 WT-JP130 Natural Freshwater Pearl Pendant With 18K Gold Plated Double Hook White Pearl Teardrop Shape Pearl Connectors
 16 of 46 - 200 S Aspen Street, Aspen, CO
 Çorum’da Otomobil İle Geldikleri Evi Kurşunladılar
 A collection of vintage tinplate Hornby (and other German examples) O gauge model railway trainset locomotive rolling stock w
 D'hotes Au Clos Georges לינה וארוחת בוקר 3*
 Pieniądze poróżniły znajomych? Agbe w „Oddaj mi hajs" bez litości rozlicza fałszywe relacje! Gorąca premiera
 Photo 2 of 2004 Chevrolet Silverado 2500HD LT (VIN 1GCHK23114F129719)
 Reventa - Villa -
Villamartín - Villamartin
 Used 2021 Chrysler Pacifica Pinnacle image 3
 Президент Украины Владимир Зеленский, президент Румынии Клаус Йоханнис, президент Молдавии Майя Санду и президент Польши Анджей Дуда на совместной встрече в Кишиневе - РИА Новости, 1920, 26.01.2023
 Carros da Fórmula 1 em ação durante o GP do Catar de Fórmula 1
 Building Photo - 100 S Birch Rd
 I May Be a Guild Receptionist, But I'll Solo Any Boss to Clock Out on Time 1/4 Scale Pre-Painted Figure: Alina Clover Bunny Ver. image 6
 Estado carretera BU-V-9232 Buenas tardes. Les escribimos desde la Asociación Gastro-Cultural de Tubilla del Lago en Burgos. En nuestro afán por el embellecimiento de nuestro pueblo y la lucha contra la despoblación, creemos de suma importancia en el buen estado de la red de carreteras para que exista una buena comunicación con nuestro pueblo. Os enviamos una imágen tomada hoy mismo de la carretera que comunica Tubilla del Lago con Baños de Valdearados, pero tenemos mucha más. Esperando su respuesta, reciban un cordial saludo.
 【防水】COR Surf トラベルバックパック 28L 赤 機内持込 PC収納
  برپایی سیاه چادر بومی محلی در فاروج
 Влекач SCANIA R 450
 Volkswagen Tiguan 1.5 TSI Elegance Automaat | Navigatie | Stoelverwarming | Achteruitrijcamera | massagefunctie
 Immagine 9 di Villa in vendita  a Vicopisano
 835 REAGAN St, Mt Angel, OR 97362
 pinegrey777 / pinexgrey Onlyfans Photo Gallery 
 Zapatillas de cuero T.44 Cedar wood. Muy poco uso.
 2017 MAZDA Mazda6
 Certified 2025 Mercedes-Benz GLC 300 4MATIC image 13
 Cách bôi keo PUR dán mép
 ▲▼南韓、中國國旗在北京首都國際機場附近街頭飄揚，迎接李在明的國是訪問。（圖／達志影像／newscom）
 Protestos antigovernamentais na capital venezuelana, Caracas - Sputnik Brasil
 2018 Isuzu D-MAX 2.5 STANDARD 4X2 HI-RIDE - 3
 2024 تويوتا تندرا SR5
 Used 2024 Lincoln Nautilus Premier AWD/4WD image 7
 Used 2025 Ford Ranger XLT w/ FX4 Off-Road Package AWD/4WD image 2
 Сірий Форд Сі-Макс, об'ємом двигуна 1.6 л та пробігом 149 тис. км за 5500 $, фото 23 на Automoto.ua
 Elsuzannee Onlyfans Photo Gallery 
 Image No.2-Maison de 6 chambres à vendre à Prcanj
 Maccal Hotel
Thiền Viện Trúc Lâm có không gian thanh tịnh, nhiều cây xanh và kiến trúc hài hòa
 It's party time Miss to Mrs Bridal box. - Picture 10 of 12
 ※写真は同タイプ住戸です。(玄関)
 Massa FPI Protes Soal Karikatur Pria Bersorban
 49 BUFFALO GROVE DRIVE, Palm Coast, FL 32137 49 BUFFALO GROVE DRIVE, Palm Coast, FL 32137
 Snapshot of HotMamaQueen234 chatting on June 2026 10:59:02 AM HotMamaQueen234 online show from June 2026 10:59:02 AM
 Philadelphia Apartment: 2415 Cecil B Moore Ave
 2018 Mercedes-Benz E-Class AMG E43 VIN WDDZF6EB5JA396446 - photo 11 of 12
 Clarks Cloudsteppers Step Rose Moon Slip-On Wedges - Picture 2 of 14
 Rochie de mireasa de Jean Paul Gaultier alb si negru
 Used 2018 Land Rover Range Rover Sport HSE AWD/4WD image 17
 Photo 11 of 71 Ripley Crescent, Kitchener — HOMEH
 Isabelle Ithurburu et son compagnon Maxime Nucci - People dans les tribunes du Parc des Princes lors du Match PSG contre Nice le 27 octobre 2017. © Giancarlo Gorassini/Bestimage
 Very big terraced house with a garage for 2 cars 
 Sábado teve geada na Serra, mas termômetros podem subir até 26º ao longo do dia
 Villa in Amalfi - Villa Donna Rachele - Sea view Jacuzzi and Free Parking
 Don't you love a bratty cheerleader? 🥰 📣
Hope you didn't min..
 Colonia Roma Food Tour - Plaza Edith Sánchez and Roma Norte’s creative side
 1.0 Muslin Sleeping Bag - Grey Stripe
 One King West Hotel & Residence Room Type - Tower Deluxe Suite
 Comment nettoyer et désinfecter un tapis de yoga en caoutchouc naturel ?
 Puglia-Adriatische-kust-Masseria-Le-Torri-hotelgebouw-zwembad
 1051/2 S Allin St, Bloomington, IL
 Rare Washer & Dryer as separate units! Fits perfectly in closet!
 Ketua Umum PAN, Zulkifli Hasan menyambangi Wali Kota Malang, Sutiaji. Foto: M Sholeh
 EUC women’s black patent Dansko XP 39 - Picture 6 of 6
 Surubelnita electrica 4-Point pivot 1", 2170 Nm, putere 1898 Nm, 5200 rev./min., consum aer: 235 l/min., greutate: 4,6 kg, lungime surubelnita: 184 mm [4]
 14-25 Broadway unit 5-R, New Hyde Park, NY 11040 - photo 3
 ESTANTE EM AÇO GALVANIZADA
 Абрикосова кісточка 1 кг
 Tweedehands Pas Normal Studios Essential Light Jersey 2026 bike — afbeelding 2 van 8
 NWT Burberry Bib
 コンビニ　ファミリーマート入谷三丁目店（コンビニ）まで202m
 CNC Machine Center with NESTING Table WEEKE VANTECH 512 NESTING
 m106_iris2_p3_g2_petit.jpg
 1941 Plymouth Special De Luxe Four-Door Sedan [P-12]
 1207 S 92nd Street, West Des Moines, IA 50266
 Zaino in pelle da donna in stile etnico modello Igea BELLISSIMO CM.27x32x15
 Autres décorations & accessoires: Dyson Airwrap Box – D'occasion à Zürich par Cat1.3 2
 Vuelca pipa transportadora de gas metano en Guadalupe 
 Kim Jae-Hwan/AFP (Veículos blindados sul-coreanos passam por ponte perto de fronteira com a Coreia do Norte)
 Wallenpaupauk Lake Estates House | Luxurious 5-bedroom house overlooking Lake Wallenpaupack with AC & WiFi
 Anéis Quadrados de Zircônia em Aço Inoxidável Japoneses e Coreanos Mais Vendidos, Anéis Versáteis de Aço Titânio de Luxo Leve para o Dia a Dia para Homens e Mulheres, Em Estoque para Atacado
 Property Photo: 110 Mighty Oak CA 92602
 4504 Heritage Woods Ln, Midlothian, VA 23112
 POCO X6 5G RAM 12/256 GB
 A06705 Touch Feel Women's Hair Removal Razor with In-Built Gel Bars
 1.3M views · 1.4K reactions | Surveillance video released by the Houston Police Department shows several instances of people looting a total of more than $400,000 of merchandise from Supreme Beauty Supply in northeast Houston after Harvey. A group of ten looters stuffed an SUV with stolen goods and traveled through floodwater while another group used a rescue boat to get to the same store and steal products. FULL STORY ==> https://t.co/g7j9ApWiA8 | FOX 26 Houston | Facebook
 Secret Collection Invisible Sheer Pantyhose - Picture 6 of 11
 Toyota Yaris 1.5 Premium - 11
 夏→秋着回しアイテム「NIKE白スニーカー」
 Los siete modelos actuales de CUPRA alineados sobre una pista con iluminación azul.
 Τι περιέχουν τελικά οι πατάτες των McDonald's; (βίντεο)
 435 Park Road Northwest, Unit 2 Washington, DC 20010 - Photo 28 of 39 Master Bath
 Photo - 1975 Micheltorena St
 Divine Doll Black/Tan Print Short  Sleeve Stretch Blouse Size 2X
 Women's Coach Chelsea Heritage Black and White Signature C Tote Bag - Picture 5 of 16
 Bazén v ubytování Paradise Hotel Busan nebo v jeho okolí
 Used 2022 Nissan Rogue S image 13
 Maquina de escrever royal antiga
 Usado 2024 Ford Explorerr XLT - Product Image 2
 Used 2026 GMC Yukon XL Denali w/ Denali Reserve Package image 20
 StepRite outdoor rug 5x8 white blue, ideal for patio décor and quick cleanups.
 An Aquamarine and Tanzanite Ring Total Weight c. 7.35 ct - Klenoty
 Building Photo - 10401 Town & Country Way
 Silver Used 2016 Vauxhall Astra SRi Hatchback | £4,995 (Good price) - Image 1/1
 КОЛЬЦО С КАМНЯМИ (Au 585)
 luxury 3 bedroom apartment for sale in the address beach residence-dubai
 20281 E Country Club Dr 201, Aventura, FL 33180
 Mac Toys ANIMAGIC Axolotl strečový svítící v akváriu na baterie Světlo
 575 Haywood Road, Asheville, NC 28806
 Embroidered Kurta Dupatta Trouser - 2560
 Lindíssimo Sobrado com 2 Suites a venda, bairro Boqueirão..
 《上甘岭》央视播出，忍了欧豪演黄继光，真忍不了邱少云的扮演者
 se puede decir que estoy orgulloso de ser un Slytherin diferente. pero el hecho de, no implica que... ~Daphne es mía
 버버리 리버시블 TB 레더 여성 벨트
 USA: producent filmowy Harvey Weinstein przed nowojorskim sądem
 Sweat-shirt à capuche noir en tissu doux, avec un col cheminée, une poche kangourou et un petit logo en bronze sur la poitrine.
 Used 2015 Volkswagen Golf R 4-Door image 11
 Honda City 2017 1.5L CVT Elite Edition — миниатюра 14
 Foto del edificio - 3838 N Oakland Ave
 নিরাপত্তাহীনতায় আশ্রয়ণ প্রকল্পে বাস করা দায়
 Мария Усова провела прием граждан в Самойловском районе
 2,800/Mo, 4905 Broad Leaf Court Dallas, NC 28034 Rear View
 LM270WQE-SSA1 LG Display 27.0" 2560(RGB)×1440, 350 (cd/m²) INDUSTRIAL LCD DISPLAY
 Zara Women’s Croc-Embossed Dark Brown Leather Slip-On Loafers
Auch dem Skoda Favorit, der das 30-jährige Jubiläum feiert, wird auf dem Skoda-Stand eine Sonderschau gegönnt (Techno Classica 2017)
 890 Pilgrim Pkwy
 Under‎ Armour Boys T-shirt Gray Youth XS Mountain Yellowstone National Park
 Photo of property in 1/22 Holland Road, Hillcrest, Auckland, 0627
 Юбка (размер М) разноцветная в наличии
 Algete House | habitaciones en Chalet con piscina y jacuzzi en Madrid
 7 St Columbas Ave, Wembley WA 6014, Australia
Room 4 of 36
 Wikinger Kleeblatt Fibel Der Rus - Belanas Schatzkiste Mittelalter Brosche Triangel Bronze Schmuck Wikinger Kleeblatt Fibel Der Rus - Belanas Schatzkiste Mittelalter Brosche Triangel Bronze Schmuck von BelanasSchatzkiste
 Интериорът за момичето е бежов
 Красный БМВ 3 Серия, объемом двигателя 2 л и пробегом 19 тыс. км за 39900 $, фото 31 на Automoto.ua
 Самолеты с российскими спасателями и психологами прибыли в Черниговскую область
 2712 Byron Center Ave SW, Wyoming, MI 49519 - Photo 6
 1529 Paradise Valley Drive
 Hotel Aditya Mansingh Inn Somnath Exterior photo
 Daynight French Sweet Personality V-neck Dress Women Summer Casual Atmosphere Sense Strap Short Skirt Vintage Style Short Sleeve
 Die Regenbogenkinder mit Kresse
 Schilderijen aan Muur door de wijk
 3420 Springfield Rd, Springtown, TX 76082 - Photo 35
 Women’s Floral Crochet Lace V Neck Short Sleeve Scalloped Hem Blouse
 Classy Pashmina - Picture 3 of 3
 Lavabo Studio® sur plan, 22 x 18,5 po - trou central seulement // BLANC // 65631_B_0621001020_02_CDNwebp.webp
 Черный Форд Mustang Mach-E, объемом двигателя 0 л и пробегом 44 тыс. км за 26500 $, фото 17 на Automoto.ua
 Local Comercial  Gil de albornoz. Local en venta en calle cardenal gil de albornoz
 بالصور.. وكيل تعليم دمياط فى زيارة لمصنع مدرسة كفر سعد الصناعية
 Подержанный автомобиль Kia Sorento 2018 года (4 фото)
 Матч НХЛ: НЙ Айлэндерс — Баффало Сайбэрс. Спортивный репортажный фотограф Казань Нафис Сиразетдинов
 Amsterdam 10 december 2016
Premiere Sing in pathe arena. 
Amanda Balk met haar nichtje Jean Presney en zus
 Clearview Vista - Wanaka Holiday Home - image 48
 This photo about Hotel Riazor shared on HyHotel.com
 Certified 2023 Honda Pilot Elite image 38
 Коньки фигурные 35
★ ★ ★ ★ ★ ★ ★
* [About this task]:
Only the lines of the data holding the string "пробегом" are wanted; copy each of them.

* [Exercise answer]:
 Красный БМВ 3 Серия, объемом двигателя 2 л и пробегом 19 тыс. км за 39900 $, фото 31 на Automoto.ua
 Черный Форд Mustang Mach-E, объемом двигателя 0 л и пробегом 44 тыс. км за 26500 $, фото 17 на Automoto.ua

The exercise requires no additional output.